Pour une fois, je vous fais un résumé à la sauce "je suis le personnage principal et je vous narre moi-même l'affaire avec la musique qui va bien". Avant toute chose, enclenchez cette musique, donc. La meilleure des ambiances, oh oui !

 

 

La journée avait bien commencé. J'étais seul au bureau, mon associé en retard comme toujours. Et puis, elle est entrée avec sa mine de p'tite fille triste. J'ai rien cru à son histoire mais ses billets avaient l'air vrai. Miles décide de filer son gars et v'la qu'on m'appelle à 2h du matin : il s'est fait trouer la peau comme un bleu. Saleté d'nuit. Et elle, toujours aussi fragile. Arrête ton char, que j'lui dis, tu joues pas assez bien la comédie. Alors elle commence à lâcher un peu l'histoire, en même temps que rapplique une tripotée de gars louches, tous à la recherche de la même chose : le faucon maltais. Une obscure affaire qui remonte aux chevaliers de l'Ordre de Malte et qui vaut un paquet d'pognon. Ok, j'suis dedans, autant la jouer à fond pour voir jusqu'où ça va. Mais celui qui prendra Sam Spade pour un pigeon est pas encore d'ce monde, c'est moi qui vous l'dit. 

 

Quand on aime les polars old school, devrais-je dire hard-boiled school, ne pas goûter à Dashiell Hammet, c'est comme qui dirait une hérésie. Il était donc temps que j'aille tâter le précurseur de ces romans à l'ambiance typique : Une grande ville américaine et ses quartiers sombres, un détective ambivalent, aussi fin limier qu'il est fréquemment détestable, des verres de whisky et des clopes à tire l'arigot, une femme fatale et une dangereuse affaire à démêler.
Et oui, je confirme, il y a tout ça dans ce fameux Faucon Maltais. Je vais même vous dire : tout y est tellement qu'un lecteur contemporain, trop habitué à ces ficelles aujourd'hui exploitées jusqu'au noyau, pourrait le trouver un poil archétypal. Ce serait oublier que ce roman a été écrit en 1929 et qu'il marque donc d'une pierre blanche l'histoire du polar : Il n'est pas archétypal, il a inventé ce qui deviendra un archétype, nuance.

Très franchement, archétype ou pas, j'ai beaucoup ri en lisant ce roman. Tout est si attendu dans les rapports entre les personnages que je me suis beaucoup amusée à imaginer ses scènes d'un autre temps, ses réflexions calibrées parfaitement.
Quant à l'enquête en elle-même - car il est tout de même question de cela AUSSI -, elle m'a semblé ma fois plutôt bien menée et l'ultime rebondissement particulièrement intelligent et réaliste. Il joue sur la psychologie des personnages plus que sur l'effet de chute artificielle et c'est à la fois juste et surprenant.

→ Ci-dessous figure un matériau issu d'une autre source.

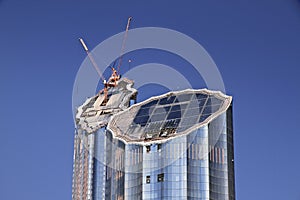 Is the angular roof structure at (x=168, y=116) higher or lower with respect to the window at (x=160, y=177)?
higher

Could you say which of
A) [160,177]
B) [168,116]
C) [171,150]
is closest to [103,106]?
[168,116]

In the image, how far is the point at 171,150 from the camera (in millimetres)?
98188

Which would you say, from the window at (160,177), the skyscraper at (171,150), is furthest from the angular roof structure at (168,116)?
the window at (160,177)

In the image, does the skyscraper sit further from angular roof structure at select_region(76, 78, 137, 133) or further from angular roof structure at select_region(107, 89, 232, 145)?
angular roof structure at select_region(76, 78, 137, 133)

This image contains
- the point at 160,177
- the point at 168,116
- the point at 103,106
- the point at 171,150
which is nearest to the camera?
the point at 160,177

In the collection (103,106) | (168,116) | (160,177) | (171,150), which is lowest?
(160,177)

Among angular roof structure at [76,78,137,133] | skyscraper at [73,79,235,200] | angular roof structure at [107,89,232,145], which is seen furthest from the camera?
angular roof structure at [76,78,137,133]

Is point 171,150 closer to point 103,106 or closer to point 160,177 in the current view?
point 160,177

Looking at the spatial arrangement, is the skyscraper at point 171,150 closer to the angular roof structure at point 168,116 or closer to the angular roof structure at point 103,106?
the angular roof structure at point 168,116

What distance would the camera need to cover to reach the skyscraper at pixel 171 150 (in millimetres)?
96688

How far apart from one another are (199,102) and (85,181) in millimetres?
27184

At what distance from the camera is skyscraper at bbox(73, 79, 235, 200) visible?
317ft

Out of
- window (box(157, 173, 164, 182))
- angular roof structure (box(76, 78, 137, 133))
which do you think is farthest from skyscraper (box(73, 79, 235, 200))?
angular roof structure (box(76, 78, 137, 133))

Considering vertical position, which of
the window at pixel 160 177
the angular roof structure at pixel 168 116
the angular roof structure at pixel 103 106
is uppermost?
the angular roof structure at pixel 103 106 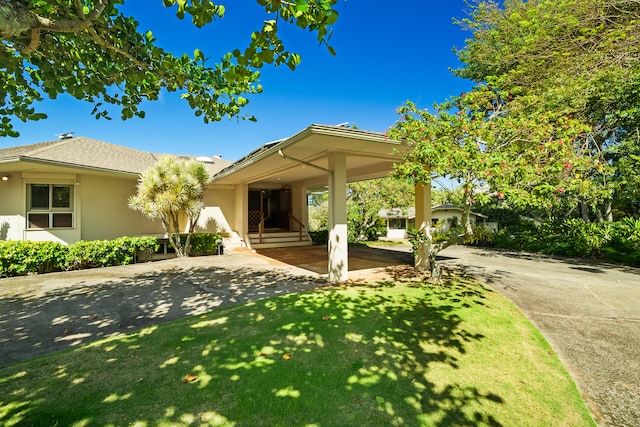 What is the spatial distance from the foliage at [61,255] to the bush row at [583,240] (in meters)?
13.2

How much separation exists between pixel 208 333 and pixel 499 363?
374 cm

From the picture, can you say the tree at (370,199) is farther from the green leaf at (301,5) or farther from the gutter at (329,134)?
the green leaf at (301,5)

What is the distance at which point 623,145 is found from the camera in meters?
11.4

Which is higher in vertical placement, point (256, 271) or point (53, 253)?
point (53, 253)

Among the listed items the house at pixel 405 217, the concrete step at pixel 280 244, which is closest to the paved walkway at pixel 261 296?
the concrete step at pixel 280 244

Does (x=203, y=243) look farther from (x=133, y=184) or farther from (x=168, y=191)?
(x=133, y=184)

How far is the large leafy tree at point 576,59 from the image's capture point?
6.47 metres

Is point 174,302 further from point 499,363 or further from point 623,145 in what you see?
point 623,145

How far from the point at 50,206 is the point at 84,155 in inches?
92.4

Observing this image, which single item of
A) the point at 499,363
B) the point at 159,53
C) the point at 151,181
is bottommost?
the point at 499,363

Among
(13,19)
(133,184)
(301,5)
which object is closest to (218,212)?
(133,184)

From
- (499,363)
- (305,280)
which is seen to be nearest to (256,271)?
(305,280)

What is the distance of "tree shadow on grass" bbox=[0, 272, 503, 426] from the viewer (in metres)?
2.34

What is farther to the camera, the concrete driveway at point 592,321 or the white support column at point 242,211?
the white support column at point 242,211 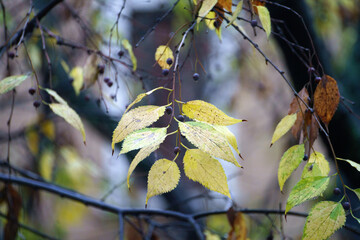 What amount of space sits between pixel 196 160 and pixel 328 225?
22cm

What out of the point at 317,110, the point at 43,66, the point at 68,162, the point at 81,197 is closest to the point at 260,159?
the point at 68,162

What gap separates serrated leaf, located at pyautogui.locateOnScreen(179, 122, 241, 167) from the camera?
1.72ft

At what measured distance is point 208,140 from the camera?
1.75 feet

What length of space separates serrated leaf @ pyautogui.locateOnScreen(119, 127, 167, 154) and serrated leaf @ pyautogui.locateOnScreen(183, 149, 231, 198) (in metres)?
0.06

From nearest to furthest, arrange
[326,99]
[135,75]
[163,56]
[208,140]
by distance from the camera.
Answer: [208,140] < [326,99] < [163,56] < [135,75]

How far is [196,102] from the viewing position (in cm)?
60

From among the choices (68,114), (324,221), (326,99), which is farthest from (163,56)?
(324,221)

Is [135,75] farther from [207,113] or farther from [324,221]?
[324,221]

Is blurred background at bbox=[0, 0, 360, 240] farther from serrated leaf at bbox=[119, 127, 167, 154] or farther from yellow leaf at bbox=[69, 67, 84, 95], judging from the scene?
serrated leaf at bbox=[119, 127, 167, 154]

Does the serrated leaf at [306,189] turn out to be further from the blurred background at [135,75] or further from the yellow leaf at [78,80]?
the yellow leaf at [78,80]

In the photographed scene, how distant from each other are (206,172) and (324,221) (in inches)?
7.7

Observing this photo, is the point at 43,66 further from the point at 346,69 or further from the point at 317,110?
the point at 317,110

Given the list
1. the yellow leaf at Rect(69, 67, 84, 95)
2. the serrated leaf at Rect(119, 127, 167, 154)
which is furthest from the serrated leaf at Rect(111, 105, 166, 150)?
the yellow leaf at Rect(69, 67, 84, 95)

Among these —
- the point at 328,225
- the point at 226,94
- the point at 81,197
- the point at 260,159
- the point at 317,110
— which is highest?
the point at 317,110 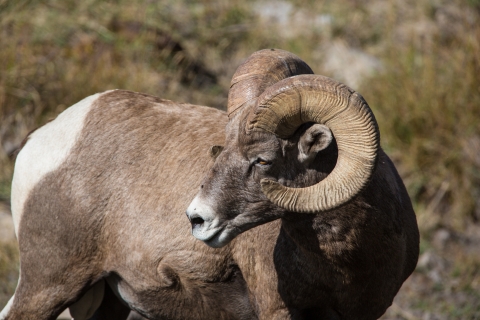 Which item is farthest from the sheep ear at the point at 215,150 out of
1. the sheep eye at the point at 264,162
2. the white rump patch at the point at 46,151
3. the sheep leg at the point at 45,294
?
the sheep leg at the point at 45,294

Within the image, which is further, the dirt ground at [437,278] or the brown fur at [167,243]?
the dirt ground at [437,278]

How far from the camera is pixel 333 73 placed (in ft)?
38.7

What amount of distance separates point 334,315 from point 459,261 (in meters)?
4.46

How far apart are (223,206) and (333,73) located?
8295mm

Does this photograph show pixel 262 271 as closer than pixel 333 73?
Yes

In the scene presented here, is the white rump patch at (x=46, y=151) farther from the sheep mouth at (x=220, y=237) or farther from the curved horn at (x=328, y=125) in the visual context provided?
the curved horn at (x=328, y=125)

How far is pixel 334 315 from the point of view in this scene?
4.23m

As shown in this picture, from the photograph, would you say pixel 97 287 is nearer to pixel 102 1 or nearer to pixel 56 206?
pixel 56 206

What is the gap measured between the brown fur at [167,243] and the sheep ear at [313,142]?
44 centimetres

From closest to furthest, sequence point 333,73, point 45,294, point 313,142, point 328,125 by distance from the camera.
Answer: point 328,125 < point 313,142 < point 45,294 < point 333,73

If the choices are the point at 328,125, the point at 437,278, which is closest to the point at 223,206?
the point at 328,125

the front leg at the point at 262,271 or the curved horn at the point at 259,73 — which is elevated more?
the curved horn at the point at 259,73

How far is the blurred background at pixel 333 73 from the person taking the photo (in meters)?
8.34

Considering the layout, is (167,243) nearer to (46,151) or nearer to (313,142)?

Au passage, cette fin est extrêmement bien rendue dans le film de John Huston avec Humphrey Bogart et Mary Astor. Autant je ne dirais pas la même chose de l'entier du film qui, bien que très fidèle à l'oeuvre dont il s'inspire, m'a plutôt ennuyée (pourtant, j'aime les vieux films mais je n'ai définitivement pas trouvé celui là aussi brillant que la postérité cinématographique veut bien le dire), autant la fin est plus que bien mise en scène et jouée. Humphrey Bogart en Spade et Mary Astor en Brigit O'Shaughnessy expriment brillamment l'ambivalence des personnages.

 

 

Bref, à recommander sans modération aux aficionados du genre (bien que, si on est aficionados du genre, on connait déjà depuis longtemps). Pour les autres, jetez-y un coup d'oeil, ça vaut toujours le détour !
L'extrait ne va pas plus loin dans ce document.